BEGIN INPUT MATERIAL

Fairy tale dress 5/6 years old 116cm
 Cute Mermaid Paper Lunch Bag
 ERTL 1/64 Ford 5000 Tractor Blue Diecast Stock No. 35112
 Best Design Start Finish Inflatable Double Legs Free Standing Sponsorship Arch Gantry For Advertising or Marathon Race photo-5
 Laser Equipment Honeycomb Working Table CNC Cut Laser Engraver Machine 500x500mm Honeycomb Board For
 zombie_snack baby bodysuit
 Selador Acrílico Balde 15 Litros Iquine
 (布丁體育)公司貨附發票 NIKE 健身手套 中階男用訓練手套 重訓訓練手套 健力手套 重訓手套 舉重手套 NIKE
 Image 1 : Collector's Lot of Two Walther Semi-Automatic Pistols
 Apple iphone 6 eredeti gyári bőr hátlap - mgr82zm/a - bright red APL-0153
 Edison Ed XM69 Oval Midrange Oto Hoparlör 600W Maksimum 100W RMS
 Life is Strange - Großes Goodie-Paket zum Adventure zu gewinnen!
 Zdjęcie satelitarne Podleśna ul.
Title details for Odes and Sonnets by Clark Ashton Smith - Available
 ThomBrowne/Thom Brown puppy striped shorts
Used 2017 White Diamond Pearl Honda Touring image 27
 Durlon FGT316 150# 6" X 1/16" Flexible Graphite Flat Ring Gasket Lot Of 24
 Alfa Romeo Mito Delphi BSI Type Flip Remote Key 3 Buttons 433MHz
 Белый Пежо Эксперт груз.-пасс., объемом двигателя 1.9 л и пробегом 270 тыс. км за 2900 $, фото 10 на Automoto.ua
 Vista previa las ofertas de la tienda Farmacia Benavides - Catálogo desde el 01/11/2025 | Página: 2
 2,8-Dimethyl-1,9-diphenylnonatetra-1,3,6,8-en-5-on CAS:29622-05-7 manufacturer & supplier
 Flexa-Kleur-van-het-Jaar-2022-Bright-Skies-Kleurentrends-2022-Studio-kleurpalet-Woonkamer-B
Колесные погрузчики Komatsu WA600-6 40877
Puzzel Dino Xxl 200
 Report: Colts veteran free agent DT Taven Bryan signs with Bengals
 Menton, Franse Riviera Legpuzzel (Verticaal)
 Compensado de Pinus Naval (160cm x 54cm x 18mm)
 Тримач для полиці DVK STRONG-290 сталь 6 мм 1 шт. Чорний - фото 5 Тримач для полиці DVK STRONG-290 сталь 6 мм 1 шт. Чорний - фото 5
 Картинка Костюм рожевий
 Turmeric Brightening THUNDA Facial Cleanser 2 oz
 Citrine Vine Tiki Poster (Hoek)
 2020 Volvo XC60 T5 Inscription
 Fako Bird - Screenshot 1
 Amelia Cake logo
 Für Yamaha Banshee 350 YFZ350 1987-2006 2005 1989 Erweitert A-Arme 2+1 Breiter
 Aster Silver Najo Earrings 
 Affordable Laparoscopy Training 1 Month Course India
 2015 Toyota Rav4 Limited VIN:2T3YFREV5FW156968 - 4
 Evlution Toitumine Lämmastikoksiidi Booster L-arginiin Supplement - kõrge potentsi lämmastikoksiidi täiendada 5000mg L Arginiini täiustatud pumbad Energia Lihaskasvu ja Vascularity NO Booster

END INPUT MATERIAL

Out of the entries above, write out only the lines between the line holding "ThomBrowne/Thom Brown puppy striped shorts" and the line holding "Белый Пежо Эксперт", inclusive, each exactly as given.

 ThomBrowne/Thom Brown puppy striped shorts
Used 2017 White Diamond Pearl Honda Touring image 27
 Durlon FGT316 150# 6" X 1/16" Flexible Graphite Flat Ring Gasket Lot Of 24
 Alfa Romeo Mito Delphi BSI Type Flip Remote Key 3 Buttons 433MHz
 Белый Пежо Эксперт груз.-пасс., объемом двигателя 1.9 л и пробегом 270 тыс. км за 2900 $, фото 10 на Automoto.ua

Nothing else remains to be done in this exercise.